Response time is large (latency) due to I/O penalty, interactive data analysis is not possible
Iterative applications would be slow, 90% time spent on I/O and network (e.g. ML)
Abstraction not expressive enough, different use cases has different applications now.
What is Spark?
Berkeley’s extensions to Hadoop
Goal 1: keep and share data sets in main memory
Which lead to the problem of fault tolerance
Which solved by lineage and small partitioning
Goal 2: Unified computation abstraction
Which make iterations viable(local work + message passing = BSP = Bulk synchronous parallel)
Which lead to the problem of how to balance ease-of-use and generality?
Spark: Pros and Cons
Pros
Fast response time
In-memory computation
Data sharing and fault tolerance
Cons
Cannot solve fine-grained operations
Cannot solve large datasets which cannot fit into memory task
Cannot solve task with requirement of very high efficiency - SIMD, or GPU
Why didn’t use in-memory computation and data-sharing before?
Because there’s not a way of efficient fault-tolerance if using in-memory computation, you have to
Checkpoint often
Replicate data across nodes
Log each operation to node-local persistent storage
The latency is still the same.
Spark is fault-tolerance (recovery) efficient
Using coarse grained operations - lineage graph instead of storing the real data.

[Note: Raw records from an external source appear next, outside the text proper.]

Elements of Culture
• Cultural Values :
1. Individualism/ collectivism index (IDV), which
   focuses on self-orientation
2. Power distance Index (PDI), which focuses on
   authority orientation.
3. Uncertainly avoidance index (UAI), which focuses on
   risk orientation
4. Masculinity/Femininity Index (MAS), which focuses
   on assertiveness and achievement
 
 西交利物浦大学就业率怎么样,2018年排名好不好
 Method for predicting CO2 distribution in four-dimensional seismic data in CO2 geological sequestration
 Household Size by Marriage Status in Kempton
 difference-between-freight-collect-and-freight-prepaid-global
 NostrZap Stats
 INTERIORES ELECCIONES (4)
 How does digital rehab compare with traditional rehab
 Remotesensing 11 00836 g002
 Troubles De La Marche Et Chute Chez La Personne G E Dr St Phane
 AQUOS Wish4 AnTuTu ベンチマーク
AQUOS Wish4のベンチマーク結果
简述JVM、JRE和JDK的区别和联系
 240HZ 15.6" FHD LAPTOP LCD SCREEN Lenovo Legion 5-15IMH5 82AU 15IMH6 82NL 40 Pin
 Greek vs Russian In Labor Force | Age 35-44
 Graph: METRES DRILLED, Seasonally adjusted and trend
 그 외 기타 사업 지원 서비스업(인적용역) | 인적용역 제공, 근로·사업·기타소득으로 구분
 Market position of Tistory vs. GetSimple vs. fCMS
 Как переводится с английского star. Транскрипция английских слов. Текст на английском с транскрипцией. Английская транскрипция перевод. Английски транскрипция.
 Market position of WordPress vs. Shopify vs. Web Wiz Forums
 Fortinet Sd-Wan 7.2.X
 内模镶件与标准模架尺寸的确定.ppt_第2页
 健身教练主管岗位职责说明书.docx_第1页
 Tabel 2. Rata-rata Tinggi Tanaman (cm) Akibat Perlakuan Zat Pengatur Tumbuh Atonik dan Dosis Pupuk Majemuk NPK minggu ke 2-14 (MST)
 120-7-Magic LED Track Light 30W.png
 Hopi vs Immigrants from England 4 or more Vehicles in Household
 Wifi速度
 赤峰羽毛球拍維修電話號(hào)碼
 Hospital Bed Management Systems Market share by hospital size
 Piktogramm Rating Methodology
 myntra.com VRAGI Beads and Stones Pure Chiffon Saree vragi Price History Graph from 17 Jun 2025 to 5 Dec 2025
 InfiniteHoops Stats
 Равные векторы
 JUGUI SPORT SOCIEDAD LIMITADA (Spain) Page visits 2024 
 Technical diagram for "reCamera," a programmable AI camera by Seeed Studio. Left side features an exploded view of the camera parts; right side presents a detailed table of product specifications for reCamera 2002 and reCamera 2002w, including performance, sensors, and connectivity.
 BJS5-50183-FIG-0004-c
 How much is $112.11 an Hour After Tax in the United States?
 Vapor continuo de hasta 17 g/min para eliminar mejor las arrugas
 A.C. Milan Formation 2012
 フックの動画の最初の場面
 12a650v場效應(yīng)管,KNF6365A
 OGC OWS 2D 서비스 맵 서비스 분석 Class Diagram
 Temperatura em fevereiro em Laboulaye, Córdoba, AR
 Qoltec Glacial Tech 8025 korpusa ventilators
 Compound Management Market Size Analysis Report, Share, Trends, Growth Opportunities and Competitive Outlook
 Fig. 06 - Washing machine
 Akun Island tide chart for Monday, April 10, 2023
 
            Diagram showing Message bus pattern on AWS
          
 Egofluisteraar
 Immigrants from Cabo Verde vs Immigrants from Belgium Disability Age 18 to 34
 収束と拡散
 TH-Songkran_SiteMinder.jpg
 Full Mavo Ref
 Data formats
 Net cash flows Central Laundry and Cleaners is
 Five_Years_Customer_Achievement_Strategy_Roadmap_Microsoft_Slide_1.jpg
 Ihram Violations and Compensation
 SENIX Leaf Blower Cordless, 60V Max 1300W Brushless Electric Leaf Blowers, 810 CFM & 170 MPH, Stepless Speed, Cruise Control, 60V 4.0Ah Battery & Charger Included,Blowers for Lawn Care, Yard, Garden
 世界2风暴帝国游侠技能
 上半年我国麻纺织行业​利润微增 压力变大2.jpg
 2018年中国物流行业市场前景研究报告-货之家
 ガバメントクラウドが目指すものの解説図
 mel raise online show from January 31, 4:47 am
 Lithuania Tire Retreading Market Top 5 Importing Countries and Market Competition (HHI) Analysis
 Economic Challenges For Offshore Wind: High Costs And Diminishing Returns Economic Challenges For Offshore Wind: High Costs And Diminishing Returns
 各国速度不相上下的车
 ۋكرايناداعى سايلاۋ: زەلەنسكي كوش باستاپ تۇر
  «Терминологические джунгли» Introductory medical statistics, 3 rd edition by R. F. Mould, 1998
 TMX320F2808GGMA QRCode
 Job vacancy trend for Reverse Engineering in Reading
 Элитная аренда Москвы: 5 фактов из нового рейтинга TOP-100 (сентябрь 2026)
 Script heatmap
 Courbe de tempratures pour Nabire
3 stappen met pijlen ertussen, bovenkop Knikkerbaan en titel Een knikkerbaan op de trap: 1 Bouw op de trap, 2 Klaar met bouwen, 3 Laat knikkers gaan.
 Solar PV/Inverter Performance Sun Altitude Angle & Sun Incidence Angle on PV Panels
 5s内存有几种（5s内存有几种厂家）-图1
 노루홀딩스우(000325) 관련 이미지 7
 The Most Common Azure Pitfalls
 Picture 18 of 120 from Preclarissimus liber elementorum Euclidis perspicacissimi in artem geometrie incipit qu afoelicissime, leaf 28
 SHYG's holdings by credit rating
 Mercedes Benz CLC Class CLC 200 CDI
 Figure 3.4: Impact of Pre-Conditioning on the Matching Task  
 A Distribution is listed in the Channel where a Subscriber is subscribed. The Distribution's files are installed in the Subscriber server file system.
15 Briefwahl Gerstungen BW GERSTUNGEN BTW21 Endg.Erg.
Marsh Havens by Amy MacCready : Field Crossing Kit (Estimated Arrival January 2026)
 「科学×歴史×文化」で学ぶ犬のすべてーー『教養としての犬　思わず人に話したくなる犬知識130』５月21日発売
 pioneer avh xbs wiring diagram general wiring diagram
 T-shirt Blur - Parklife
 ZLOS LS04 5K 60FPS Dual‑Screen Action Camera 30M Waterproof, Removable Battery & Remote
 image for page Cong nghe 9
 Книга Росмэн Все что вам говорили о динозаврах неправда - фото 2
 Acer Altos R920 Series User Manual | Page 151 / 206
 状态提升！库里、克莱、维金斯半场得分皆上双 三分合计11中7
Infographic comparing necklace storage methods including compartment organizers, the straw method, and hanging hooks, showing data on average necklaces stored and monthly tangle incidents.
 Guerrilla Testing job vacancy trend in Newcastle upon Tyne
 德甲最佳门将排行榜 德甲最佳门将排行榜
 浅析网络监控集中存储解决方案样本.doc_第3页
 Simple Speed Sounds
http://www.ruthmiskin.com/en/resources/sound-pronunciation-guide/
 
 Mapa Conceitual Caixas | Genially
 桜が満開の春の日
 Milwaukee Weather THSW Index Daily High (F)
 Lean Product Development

In contrast to Hadoop/GFS, RDDs provide an interface based on coarse-grained transformations (e.g., map, filter and join) that apply the same operation to many (small-size partition) data items. This allows them to efficiently provide fault tolerance by logging the transformations used to build a dataset (its lineage) rather than the actual data.1 If a partition of an RDD is lost, the RDD has enough information about how it was derived from other RDDs to recompute just that partition. Thus, lost data can be recovered, often quite quickly, without requiring costly replication.